Combining Sources of Information:  Base Rates and Likelihoods

People often make predictable errors about probabilities.  Here's a classic example:
"Bill is an unusually tall man in his early thirties.  He's the star of his team, which has an excellent chance of winning the state championship.
What is Bill's sport?"

Most people confidently say basketball, because Bill's description is just what you would expect for the star of a successful basketball team.  One name for this kind of information is "likelihood."  Statistically, it's the probability that the star of a successful basketball team fits Bill's description.  Let's say this probability is about 85%, while there's only a 40% probability that someone in any other organized sport fits the description..

The problem is Bill's age.  The vast majority of Americans beyond college age who compete in organized team sports are bowlers.  A conservative estimate might be that seventy percent of people on an organized sports team are on a bowling team, only five percent are on a basketball team, and 25 percent in all other organized team sports. This is called the "Base rate."

Mathematically, given my rough input numbers the probability Bill is a bowler is about 66% while the probably that he plays basketball is only about 10%.  We will see how this works in the next lecture.

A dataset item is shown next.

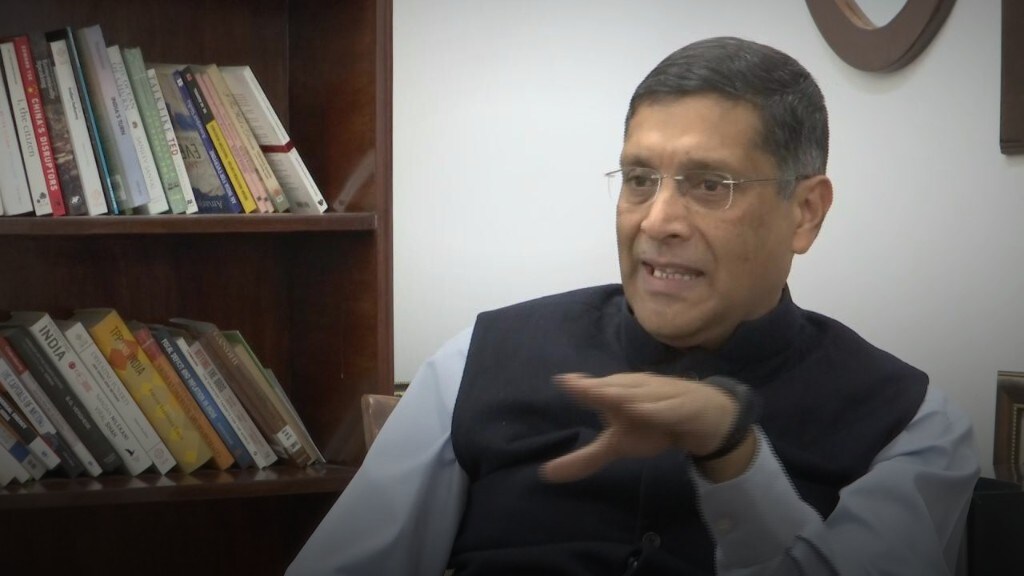 Don&rsquo;t Raise The Income Tax Exemption Threshold Further: Arvind Subramanian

The point is, you need to consider both likelihood and base rate.  You all know this already; for example, any unsolicited email offer that looks just like a wonderful opportunity ends up in your trash file because you know the base rate of unsolicited wonderful opportunities is vanishingly low.  Still, it is all too easy to forget.  For example, the one thing that every lottery winner has in common is that they all bought lottery tickets; the likelihood of having a ticket given that you are a winner is 100%.  If people didn't forget about the base rate, there would be no lotteries!